[Mimedefang] action_drop_with_warning and refuse to sender

Kris Deugau kdeugau at vianet.ca
Mon Aug 27 18:21:59 EDT 2018


Marcus Schopen wrote:
> Am Freitag, den 24.08.2018, 10:50 -0400 schrieb Dianne Skoll:
>> I think this is a terrible idea for two reasons:
>>
>> 1) What is the recipient supposed to do with the notification?  Most
>> recipients are not technically savvy and are more likely to panic
>> than
>> do anything else.
> 
> That might me right in most of the cases. But if you do a "silent"
> reject, this has to be communicated very clearly to the recipient,

What's your reasoning for this?

Here's my own reasoning behind *not* notifying the recipient on flagging 
a message:  In the early 2000s I set up a filter service for the ISP I 
was working for, that initially either passed on a "disinfected" message 
or notified the recipient in the event of a virus message.  The original 
service used a commercial AV package with a milter daemon with a limited 
selection of behaviours, although I eventually switched to MIMEDefang 
for better flexibility.

That configuration lasted maybe a couple of months before the complaints 
got to be too much trouble, and we switched to either silently discard 
or reject (can't recall which now).  *Nobody* wanted to get notices 
about a blocked or deleted virus.

I can see value in having a filter system send a *summary* message 
listing "things caught in the last $timeperiod", on the *inbound* side, 
but one notice per blocked message really doesn't work well if there's 
any substantial volume of mail blocked;  it sort of defeats the point. 
And notifying arbitrary third parties who can't actually do anything to 
your filter (they don't have an account on your system, the sender does) 
just creates noise.

> as
> well as rejecting at a spamassassin score of >= 5. This is nothing you
> can decide on your own as postmaster, just because it makes sense.

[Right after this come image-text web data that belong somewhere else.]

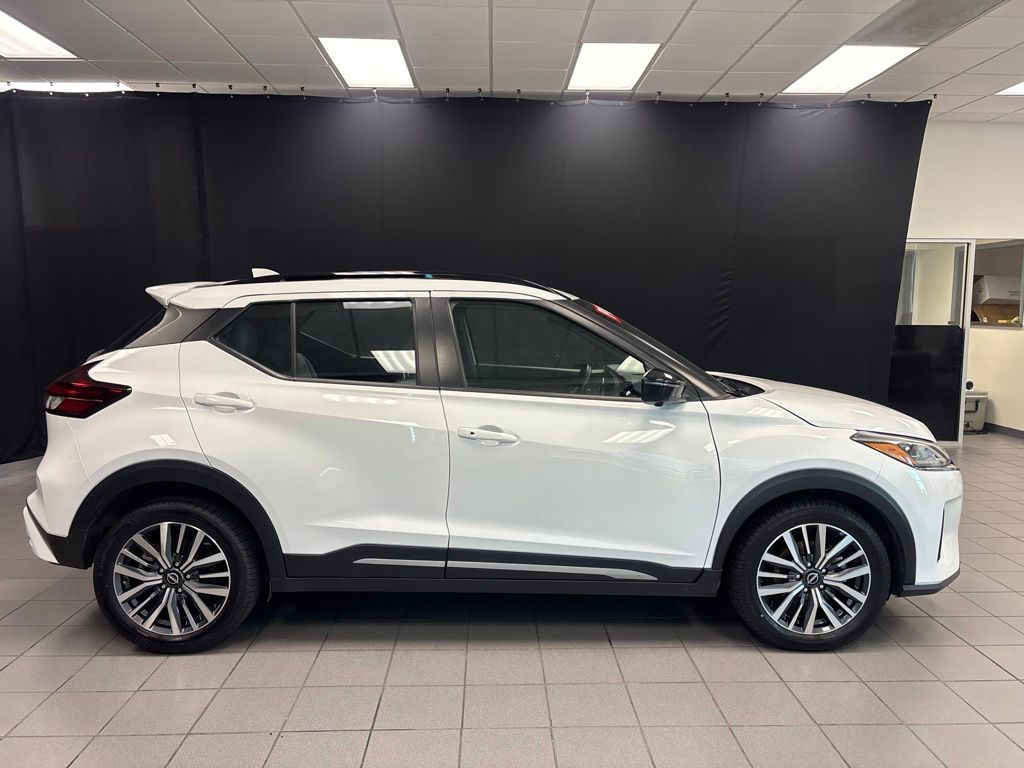 Used 2024 Nissan Kicks SR with VIN 3N1CP5DV4RL485127 for sale in Hot Springs, AR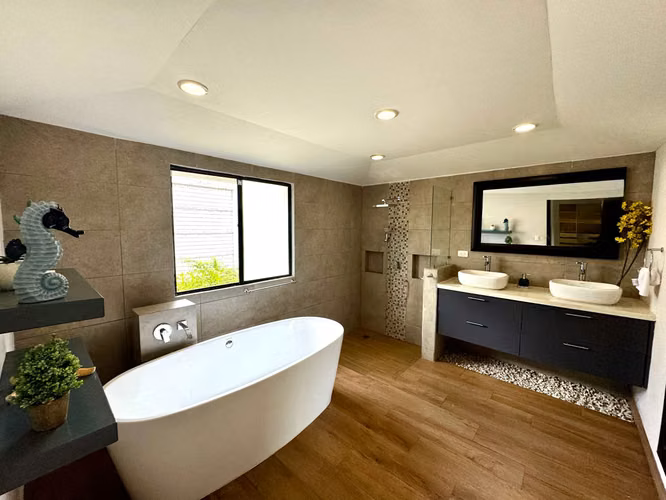 MODERNA CASA EN CARRETERA SUR
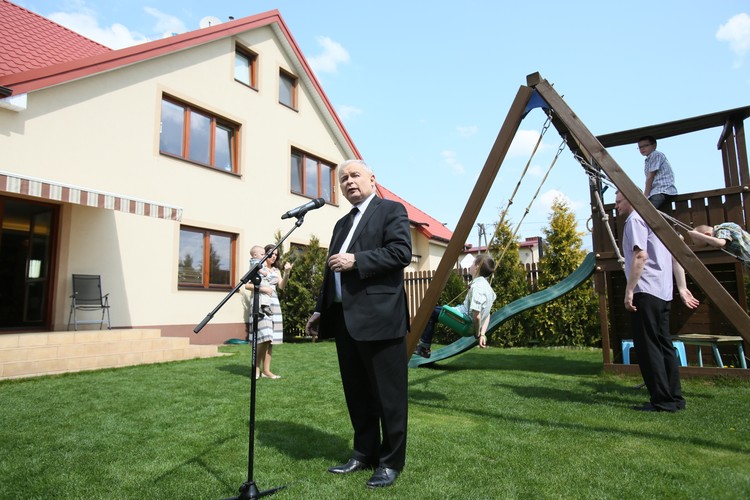 Jarosław Kaczyński na placu zabaw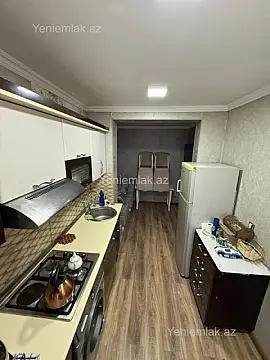 Satılır 3 otaqlı köhnə tikili 55 m²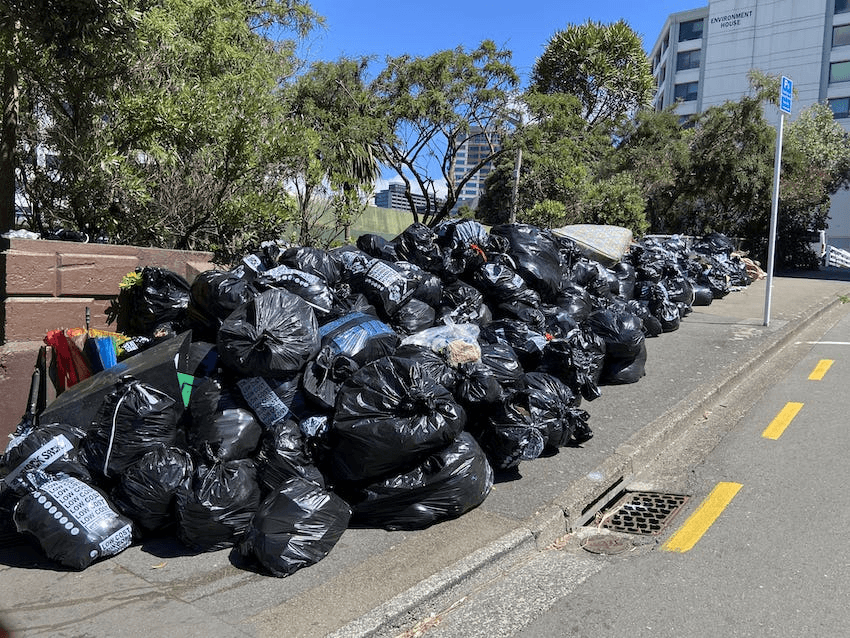 Rubbish piling up near the protest (Photo: Stewart Sowman-Lund) 
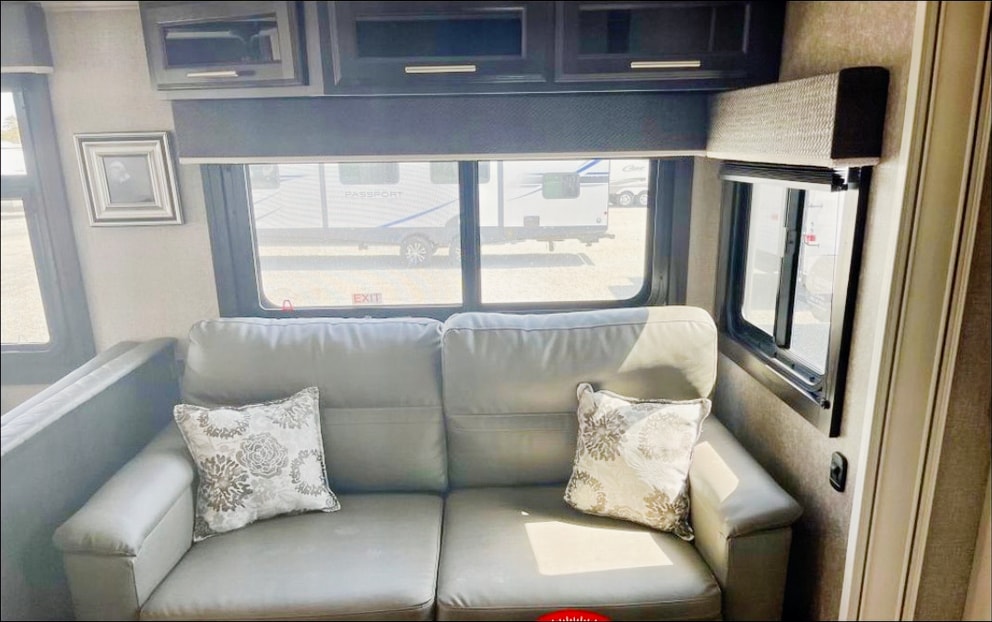 Jaimie's Jayco Eagle Paradise 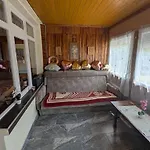 度假居 In 54592 *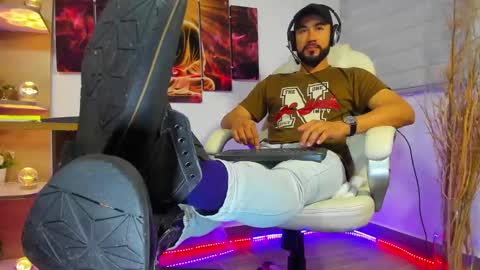 Snapshot of alessandro__wye chatting on January 27, 12:43 am ALESSANDRO WYE online show from January 27, 12:43 am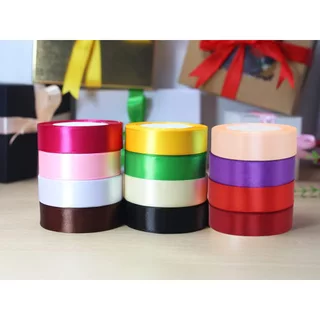 ริบบิ้นผ้าซาติน หน้ากว้าง1.0 ยาว 22 หลา/ม้วน บรรจุของขวัญคริสต์มาสตกแต่ง Diy ริบบิ้นม้วนผ้า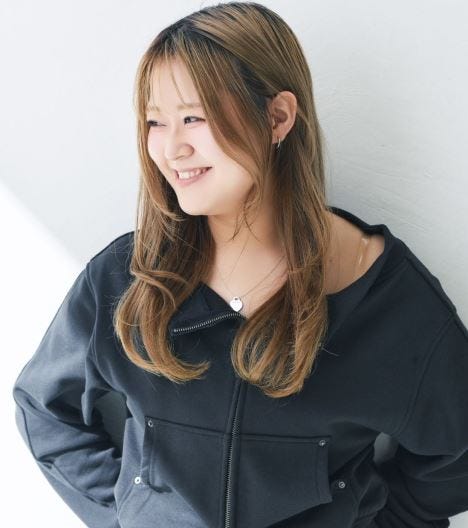 山内 友里菜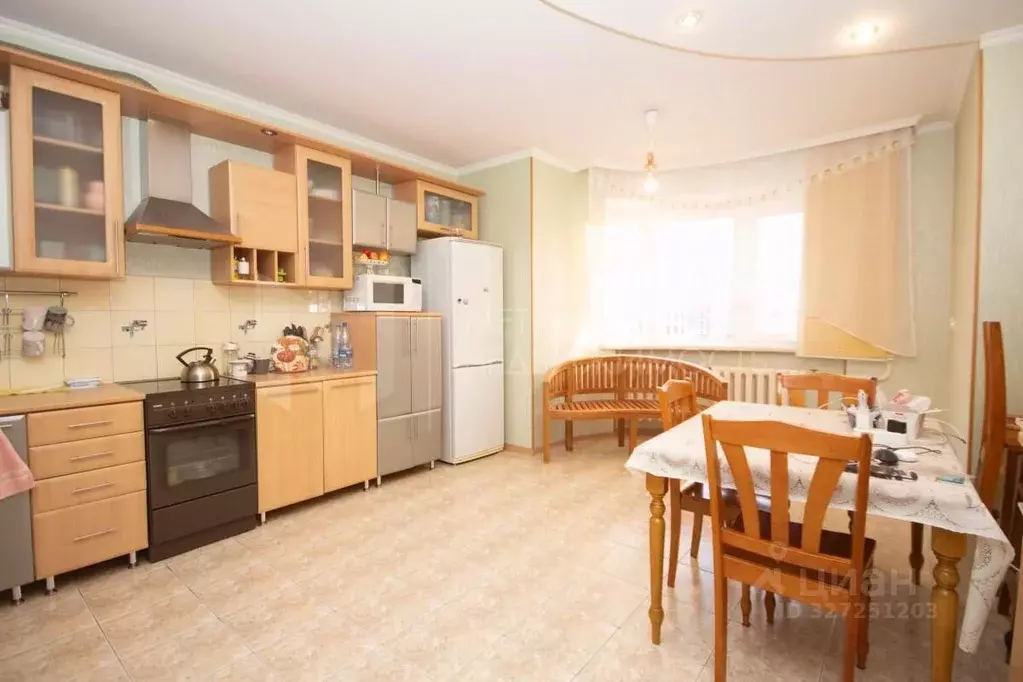 3-к кв. Тюменская область, Тюмень ул. 50 лет Октября, 1 (104.0 м) - Фото 1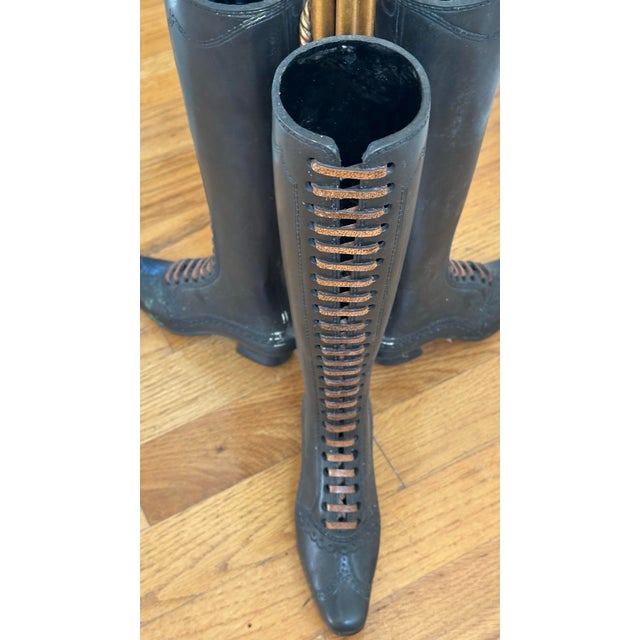 Whimsical Bronze Umbrella Stand With Ladies Boot Motif by Maitland Smith For Sale In Savannah - Image 6 of 8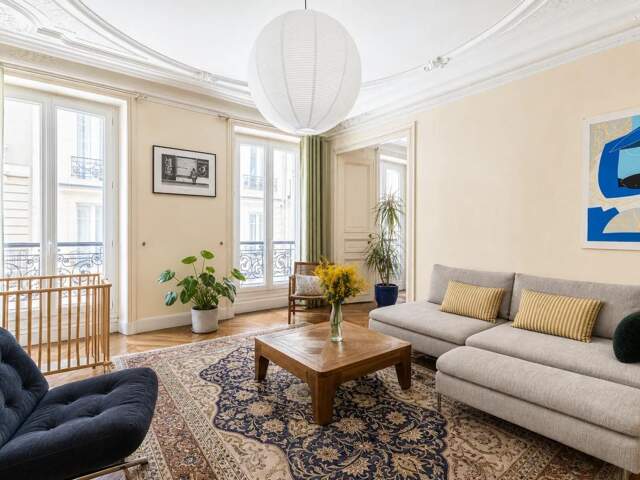 Appartement de 4 pièces de 70 m² à Paris — photo du bien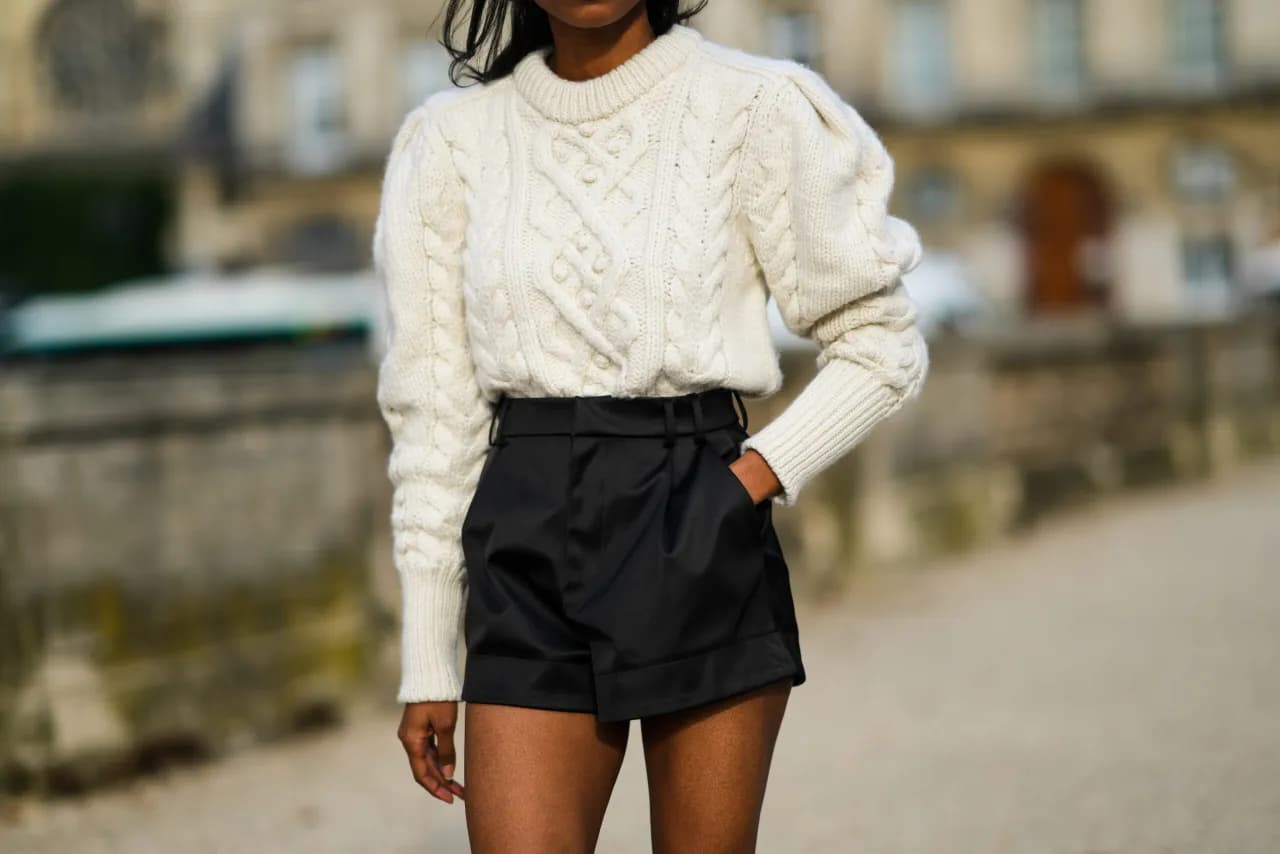 Biały sweter oversize stylizacje – unikaj modowych pułapek i baw się stylem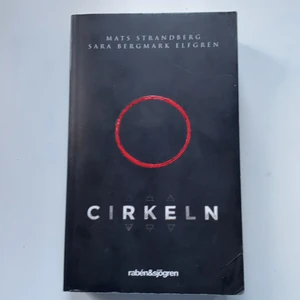 Cirkeln - Första delen av cirkeln triologin. Älskade boken för några år sen när jag först läste den och rekommenderar starkt.🥰  Har även resten av delarna som jag kan sälja vid intresse samt ett till exemplar av denna. Helt orörd och i nyskick.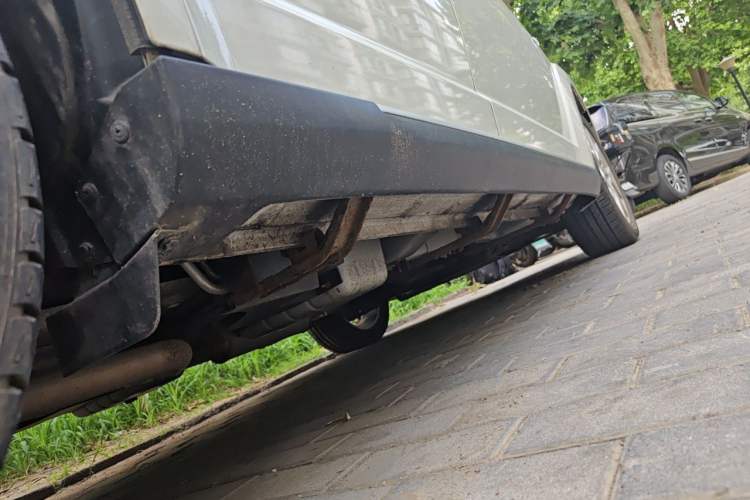 Used Dodge Journey 2013 2.4L Two-Wheel Drive Luxury Version Chassis Rear Right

"My system, my rules."  We block high-scoring outbound mail so that our 
server doesn't get permanently blacklisted, thereby blocking our 
customers' legitimate email from reaching recipients.

Notifying recipients would be almost as bad as just letting everything 
through;  the notices are so rarely useful they'd likely end up.... 
handled as spam on the *recipient's* server as well.


>> 2) Unless you do some sort of rate-limiting, a poor recipient may
>> find
>> herself swamped with emails to the effect "You almost received a
>> virus, but we cleverly stopped it!"
>>
>> IMO, REJECT is the way to go.  In the 99.99% of cases where it was a
>> virus,
>> nobody will see the failure notification... but nobody needs to.  In
>> the
>> rare case of a false-positive, the sender will see the failure
>> notification
>> and can pursue further action.
> 
> I agree that most detected virus mails (I use clamav) are virus mails.
> But I myself got some valid emails from Amazon, which were marked as
> "Heuristics.Phishing.Email.SpoofedDomain" and therefore those emails
> were rejected. My mimedefang-milter configuration was set to bounce,
> so I didn't know I got these false-positives. It was just luck that I
> found those emails when checking "/var/spool/MD-Quarantine/".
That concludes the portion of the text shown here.